Republicans have bigger problems than the Democrats. They are losing the suburbs. In the last two years, suburban voters have not suddenly turned more progressive or socialist. They are not suddenly more likely to want gun restrictions, high taxes or universal health care. They have just soured on the president.
You yourself may be a suburban voter who loves the president — and maybe everyone you know loves the president — but we have real data in the form of votes. Suburban voters who tend to vote Republican even if they do not show up in Republican primaries or at Republican rallies have decided they are not fans of Donald Trump.
From reliably red Oklahoma to Kansas to Texas to Georgia, safe Republican seats fell to Democrats. I suspect, though I cannot prove, that some of those voters voted Democrat assuming they could protest Trump without costing the GOP the seat, but most of those voters actively voted against the GOP. Republicans need to do real damage control.

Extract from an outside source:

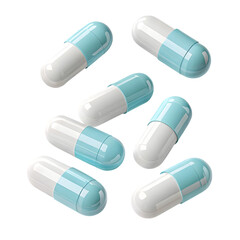 White and blue capsules isolated on a transparent background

I just do not expect Republicans can or will do damage control, mostly because President Trump is incapable of change. The rejection of the GOP really was a rejection of President Trump. The adjusted exit polling, which is a highly reliable guide to voter thinking, shows that most voters dislike the president and those voters voted overwhelming for Democrats.
White women still tended to vote Republican and married women tended to vote Republican. But the number of white and married women voting for the GOP declined in direct correlation to the rise in their antipathy for President Trump.

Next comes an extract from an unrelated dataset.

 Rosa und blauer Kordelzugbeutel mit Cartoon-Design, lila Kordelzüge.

The solution is, frankly, for President Trump to shut up. Polling in multiple races shifted dramatically to the Democrats after Trump announced he wanted to end birthright citizenship. Even looking at the generic ballot this past year, the longer Trump stayed off Twitter, the better his polling did and the better the Republicans did.
A lot of Americans really like President Trump’s policies, and if he could just exercise self-control, they could probably be convinced to vote for him in 2020. But good luck getting him to change his ways.